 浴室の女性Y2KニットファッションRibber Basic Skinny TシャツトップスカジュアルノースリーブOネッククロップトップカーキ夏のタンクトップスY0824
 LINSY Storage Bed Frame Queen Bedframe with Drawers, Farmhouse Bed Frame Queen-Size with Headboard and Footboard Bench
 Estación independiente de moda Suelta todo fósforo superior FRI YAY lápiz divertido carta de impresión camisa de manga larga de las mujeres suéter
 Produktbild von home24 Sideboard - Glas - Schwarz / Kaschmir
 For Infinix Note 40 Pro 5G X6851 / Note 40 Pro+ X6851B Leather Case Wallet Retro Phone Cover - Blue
--
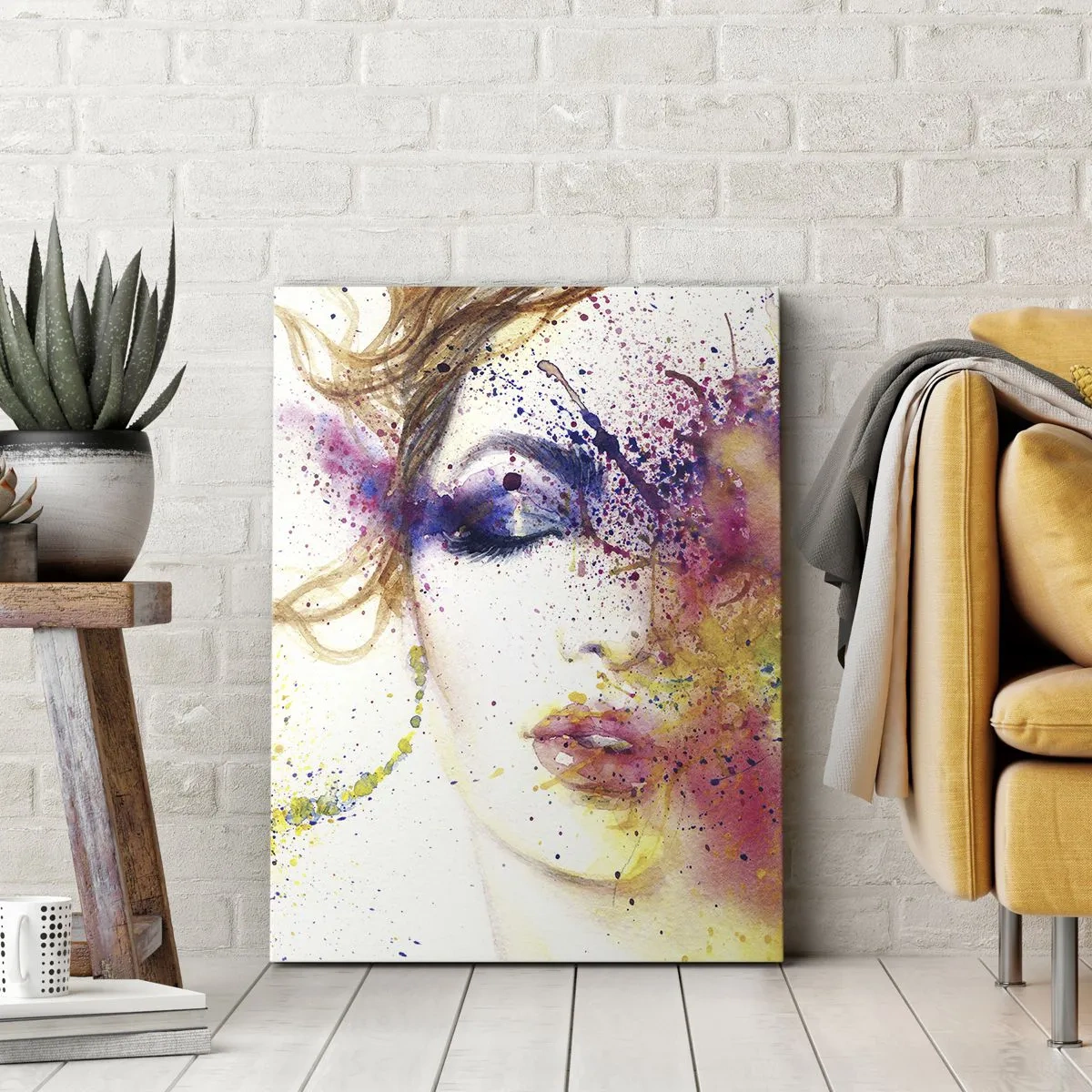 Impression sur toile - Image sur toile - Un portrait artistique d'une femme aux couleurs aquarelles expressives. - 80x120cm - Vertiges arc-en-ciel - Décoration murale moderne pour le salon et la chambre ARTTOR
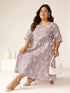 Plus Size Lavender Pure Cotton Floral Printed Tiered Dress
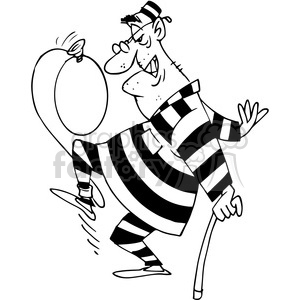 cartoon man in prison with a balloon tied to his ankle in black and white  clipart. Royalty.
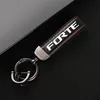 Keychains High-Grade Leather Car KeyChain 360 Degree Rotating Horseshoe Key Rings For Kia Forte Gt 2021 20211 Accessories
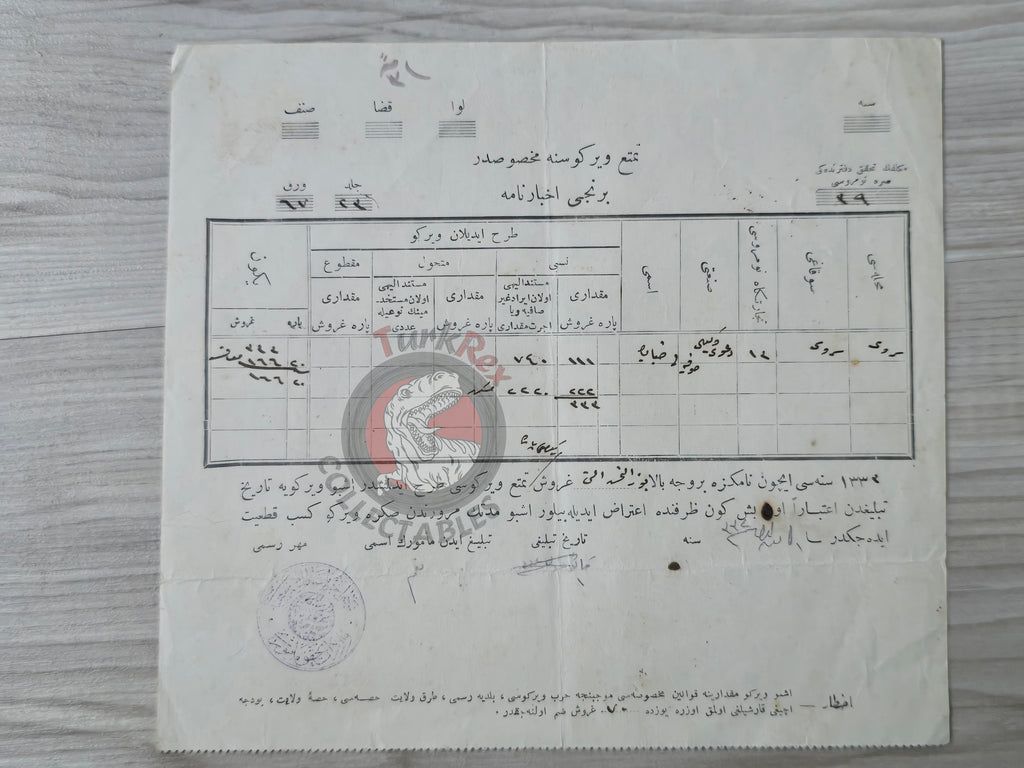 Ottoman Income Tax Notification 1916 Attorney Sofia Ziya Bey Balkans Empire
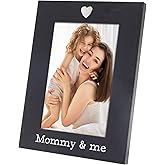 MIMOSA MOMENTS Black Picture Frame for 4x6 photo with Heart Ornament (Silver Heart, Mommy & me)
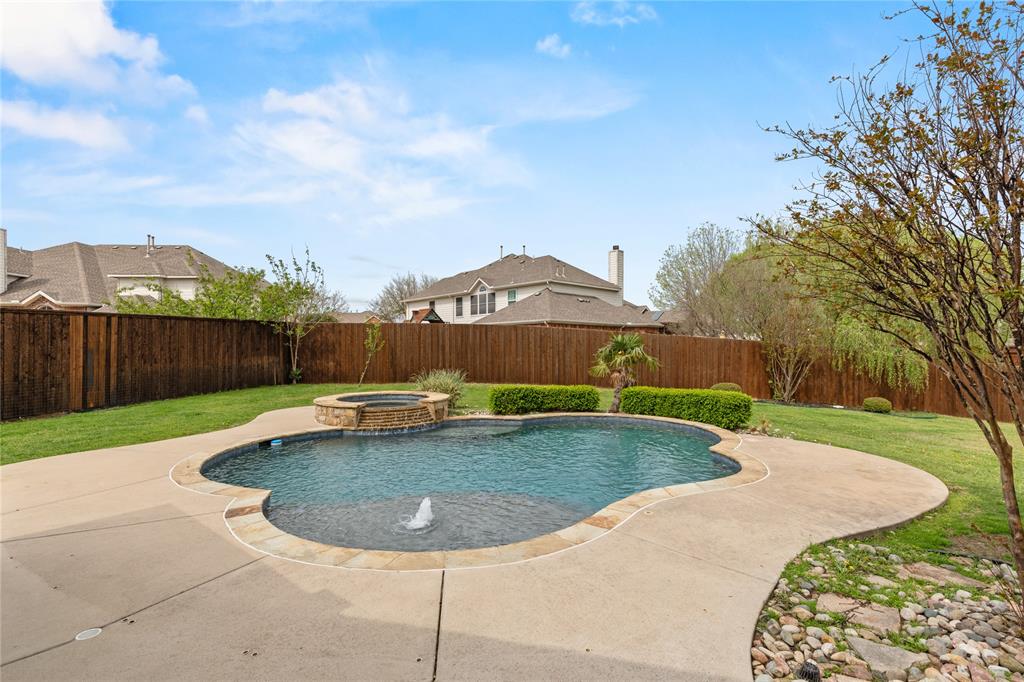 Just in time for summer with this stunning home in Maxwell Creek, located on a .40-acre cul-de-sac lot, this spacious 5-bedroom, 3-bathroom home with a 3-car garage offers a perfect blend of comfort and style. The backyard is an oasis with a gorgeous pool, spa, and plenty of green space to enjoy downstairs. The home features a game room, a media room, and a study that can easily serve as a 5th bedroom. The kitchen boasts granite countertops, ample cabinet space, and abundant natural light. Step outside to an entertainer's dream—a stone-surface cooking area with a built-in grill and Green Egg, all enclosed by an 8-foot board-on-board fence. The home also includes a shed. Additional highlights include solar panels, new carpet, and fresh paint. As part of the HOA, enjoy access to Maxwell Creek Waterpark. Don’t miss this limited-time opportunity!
==
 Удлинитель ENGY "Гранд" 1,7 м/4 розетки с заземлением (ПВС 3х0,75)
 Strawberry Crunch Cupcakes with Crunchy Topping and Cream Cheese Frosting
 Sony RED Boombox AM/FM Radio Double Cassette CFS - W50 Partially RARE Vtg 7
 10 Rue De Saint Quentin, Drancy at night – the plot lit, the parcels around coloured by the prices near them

* TASK TO COMPLETE
What you give back should be only the lines of the records above, starting at the line with "LINSY Storage Bed" and ending at the line with "For Infinix Note", restated word for word.

* EXERCISE ANSWER
 LINSY Storage Bed Frame Queen Bedframe with Drawers, Farmhouse Bed Frame Queen-Size with Headboard and Footboard Bench
 Estación independiente de moda Suelta todo fósforo superior FRI YAY lápiz divertido carta de impresión camisa de manga larga de las mujeres suéter
 Produktbild von home24 Sideboard - Glas - Schwarz / Kaschmir
 For Infinix Note 40 Pro 5G X6851 / Note 40 Pro+ X6851B Leather Case Wallet Retro Phone Cover - Blue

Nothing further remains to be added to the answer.